::: PROVIDED DATA

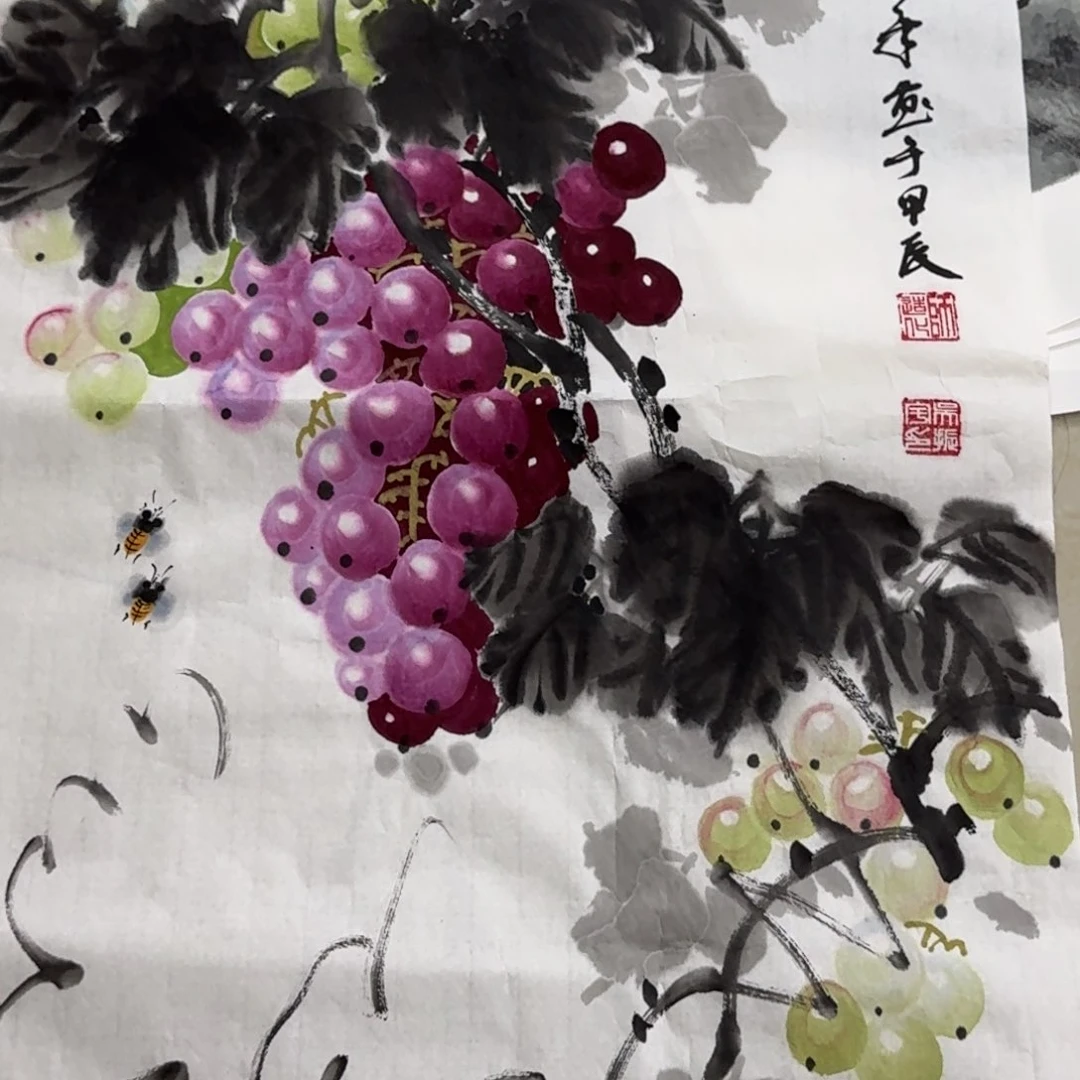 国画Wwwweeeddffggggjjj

::::::
::: PROVIDED DATA

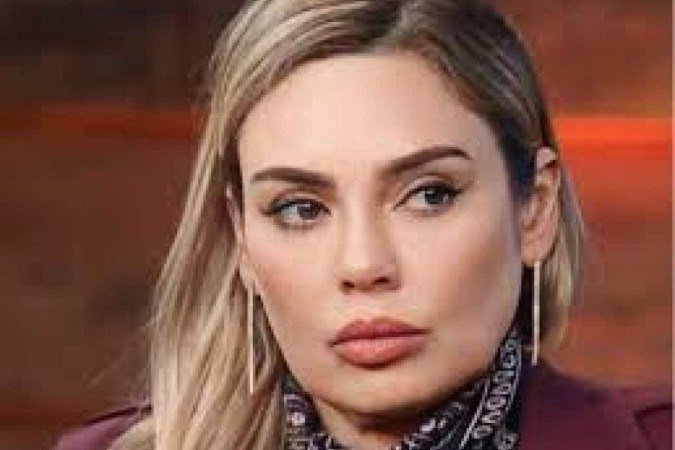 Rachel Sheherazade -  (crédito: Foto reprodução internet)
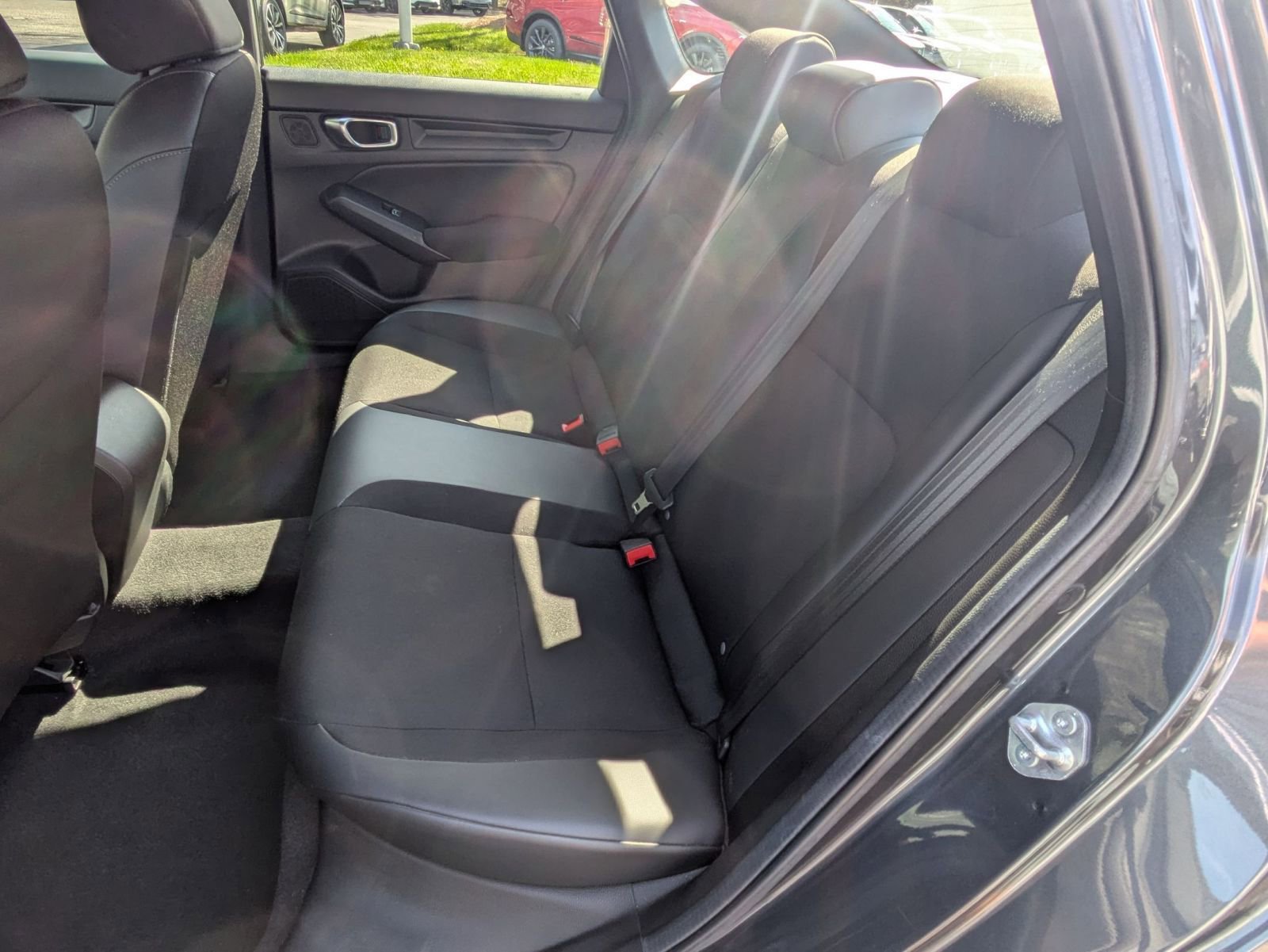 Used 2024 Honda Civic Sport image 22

::::::
::: PROVIDED DATA

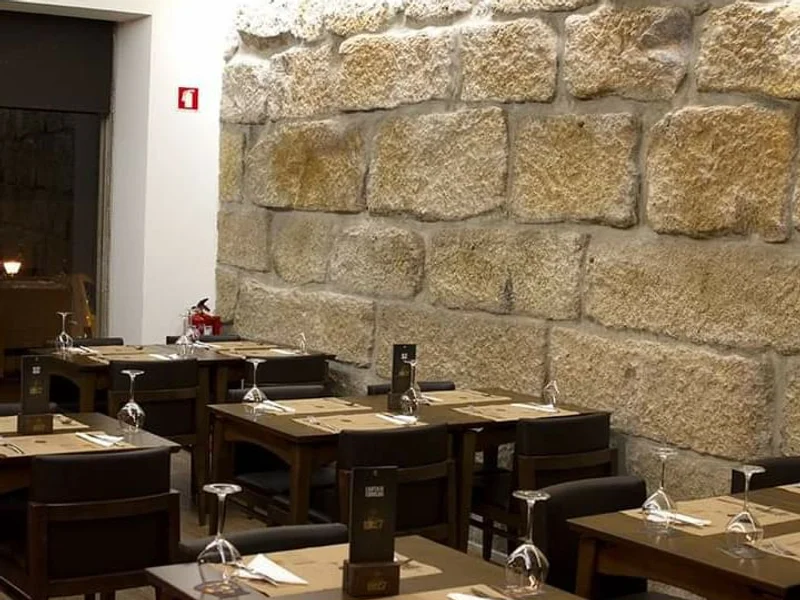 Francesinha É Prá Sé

::::::

WHAT IS REQUIRED — Copy nothing but the lines above from the one with "Foto reprodução internet)" to the one with "Used 2024 Honda Civic Sport image 22", inclusive, word for word. Leave every picture out.

SOLUTION TO THIS TASK —
 Rachel Sheherazade -  (crédito: Foto reprodução internet)
 Used 2024 Honda Civic Sport image 22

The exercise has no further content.